● **PROBLEM STATEMENT**
Each line from the beginning of the entries below through the line that includes "Turquoise Colored T-drilled" must be returned exactly as given.

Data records
★ ★ ★ ★ ★ ★ ★

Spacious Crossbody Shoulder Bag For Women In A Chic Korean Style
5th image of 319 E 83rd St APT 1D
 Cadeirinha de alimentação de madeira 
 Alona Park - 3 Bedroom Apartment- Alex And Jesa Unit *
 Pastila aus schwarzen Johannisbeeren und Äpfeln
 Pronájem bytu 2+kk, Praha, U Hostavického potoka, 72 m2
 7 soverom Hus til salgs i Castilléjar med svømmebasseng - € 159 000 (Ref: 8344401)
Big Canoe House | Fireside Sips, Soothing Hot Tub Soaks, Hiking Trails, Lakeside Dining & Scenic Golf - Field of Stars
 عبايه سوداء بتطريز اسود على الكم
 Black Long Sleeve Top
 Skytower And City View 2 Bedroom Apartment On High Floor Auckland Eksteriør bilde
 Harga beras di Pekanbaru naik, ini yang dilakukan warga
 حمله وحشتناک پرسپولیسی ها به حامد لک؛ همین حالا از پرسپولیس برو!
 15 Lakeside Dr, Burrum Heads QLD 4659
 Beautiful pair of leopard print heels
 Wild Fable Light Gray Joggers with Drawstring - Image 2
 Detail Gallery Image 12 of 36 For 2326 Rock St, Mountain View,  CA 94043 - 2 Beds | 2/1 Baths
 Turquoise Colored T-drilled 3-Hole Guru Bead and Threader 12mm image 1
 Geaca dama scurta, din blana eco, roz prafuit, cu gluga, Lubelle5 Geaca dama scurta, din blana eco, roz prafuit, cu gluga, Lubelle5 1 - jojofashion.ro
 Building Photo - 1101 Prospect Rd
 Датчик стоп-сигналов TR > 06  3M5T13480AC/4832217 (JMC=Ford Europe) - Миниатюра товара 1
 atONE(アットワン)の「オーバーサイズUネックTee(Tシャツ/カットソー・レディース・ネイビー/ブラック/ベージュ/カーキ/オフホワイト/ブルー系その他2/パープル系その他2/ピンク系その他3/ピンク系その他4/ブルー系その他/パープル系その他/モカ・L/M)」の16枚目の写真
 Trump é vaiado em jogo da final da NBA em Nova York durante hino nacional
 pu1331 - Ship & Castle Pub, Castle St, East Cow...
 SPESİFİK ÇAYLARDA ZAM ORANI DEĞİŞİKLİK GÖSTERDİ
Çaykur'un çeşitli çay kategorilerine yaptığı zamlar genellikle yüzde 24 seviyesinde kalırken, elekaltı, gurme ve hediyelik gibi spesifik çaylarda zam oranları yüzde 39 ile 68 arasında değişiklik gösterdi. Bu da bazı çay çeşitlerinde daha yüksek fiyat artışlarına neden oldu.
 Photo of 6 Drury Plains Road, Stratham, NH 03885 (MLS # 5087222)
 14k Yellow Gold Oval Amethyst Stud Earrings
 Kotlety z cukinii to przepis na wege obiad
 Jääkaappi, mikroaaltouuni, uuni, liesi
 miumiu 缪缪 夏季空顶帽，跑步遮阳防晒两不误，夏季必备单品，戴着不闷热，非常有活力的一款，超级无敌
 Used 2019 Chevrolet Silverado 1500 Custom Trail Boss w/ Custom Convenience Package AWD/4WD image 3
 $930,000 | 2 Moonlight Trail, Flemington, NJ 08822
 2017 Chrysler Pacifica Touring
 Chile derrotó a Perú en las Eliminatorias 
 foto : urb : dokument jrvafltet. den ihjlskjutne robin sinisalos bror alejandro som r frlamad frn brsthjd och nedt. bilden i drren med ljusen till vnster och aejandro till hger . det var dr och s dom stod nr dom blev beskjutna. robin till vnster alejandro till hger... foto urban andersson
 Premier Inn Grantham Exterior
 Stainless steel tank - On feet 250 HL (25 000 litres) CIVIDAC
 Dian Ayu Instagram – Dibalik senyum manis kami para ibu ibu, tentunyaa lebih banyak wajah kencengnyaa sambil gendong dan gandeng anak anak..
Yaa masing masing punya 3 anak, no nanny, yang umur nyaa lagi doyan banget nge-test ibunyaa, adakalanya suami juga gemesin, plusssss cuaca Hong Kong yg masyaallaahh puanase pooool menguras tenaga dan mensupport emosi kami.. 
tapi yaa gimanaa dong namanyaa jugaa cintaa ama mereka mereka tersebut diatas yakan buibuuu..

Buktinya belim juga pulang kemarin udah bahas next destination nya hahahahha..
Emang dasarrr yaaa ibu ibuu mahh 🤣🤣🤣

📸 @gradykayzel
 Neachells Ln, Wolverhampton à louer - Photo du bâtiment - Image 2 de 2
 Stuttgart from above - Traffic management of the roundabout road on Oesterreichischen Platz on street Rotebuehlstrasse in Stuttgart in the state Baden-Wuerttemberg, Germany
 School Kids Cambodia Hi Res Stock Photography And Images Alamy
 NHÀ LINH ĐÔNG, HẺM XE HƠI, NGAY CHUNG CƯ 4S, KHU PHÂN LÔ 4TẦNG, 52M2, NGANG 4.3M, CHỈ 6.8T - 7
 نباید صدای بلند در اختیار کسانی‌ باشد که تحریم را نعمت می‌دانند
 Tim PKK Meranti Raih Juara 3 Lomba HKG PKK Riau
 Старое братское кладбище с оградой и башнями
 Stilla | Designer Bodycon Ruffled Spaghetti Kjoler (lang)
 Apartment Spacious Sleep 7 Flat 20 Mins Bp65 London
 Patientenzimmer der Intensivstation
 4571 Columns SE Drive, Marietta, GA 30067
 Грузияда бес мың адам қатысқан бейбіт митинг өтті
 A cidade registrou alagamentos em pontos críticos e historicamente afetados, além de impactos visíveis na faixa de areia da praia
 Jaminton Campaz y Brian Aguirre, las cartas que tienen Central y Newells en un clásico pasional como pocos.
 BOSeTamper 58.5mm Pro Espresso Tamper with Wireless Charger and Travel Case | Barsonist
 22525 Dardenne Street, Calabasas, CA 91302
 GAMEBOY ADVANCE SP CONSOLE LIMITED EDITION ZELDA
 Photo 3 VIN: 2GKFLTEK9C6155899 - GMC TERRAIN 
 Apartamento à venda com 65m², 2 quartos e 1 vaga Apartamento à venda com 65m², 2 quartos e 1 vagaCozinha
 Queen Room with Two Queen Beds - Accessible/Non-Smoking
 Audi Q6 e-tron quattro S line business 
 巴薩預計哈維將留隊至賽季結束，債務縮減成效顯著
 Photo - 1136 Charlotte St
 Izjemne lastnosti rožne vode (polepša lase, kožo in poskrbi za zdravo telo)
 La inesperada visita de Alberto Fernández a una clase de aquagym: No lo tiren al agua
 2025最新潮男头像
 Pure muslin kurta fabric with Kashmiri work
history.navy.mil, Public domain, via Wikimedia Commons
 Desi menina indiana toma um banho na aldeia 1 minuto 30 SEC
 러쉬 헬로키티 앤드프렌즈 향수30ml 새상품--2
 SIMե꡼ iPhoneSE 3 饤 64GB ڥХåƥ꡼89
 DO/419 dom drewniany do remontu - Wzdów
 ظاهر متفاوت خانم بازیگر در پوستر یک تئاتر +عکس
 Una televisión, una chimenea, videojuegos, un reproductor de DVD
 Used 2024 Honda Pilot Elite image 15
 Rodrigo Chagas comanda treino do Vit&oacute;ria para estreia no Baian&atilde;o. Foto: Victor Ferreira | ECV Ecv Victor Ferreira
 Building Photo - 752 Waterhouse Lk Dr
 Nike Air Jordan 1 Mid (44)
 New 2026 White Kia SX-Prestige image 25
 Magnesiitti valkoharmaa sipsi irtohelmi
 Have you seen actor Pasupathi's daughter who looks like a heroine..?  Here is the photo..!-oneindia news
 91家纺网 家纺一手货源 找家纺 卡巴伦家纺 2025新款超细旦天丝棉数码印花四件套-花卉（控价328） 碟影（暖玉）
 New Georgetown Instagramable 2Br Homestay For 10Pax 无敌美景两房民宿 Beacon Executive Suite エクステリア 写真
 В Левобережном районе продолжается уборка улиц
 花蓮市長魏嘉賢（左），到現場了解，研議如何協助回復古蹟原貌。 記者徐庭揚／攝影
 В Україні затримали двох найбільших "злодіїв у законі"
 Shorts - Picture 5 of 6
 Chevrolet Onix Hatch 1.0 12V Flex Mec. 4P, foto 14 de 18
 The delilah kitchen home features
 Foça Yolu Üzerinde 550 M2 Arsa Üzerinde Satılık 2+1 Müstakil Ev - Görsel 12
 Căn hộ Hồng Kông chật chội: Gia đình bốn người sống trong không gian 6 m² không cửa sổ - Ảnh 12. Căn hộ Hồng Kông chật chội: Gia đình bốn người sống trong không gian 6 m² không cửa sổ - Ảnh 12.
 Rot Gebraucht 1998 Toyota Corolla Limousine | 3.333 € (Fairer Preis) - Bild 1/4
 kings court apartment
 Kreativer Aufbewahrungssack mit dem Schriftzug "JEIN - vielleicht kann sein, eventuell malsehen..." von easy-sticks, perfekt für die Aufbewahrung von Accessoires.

★ ★ ★ ★ ★ ★ ★

● **TASK SOLUTION**
Spacious Crossbody Shoulder Bag For Women In A Chic Korean Style
5th image of 319 E 83rd St APT 1D
 Cadeirinha de alimentação de madeira 
 Alona Park - 3 Bedroom Apartment- Alex And Jesa Unit *
 Pastila aus schwarzen Johannisbeeren und Äpfeln
 Pronájem bytu 2+kk, Praha, U Hostavického potoka, 72 m2
 7 soverom Hus til salgs i Castilléjar med svømmebasseng - € 159 000 (Ref: 8344401)
Big Canoe House | Fireside Sips, Soothing Hot Tub Soaks, Hiking Trails, Lakeside Dining & Scenic Golf - Field of Stars
 عبايه سوداء بتطريز اسود على الكم
 Black Long Sleeve Top
 Skytower And City View 2 Bedroom Apartment On High Floor Auckland Eksteriør bilde
 Harga beras di Pekanbaru naik, ini yang dilakukan warga
 حمله وحشتناک پرسپولیسی ها به حامد لک؛ همین حالا از پرسپولیس برو!
 15 Lakeside Dr, Burrum Heads QLD 4659
 Beautiful pair of leopard print heels
 Wild Fable Light Gray Joggers with Drawstring - Image 2
 Detail Gallery Image 12 of 36 For 2326 Rock St, Mountain View,  CA 94043 - 2 Beds | 2/1 Baths
 Turquoise Colored T-drilled 3-Hole Guru Bead and Threader 12mm image 1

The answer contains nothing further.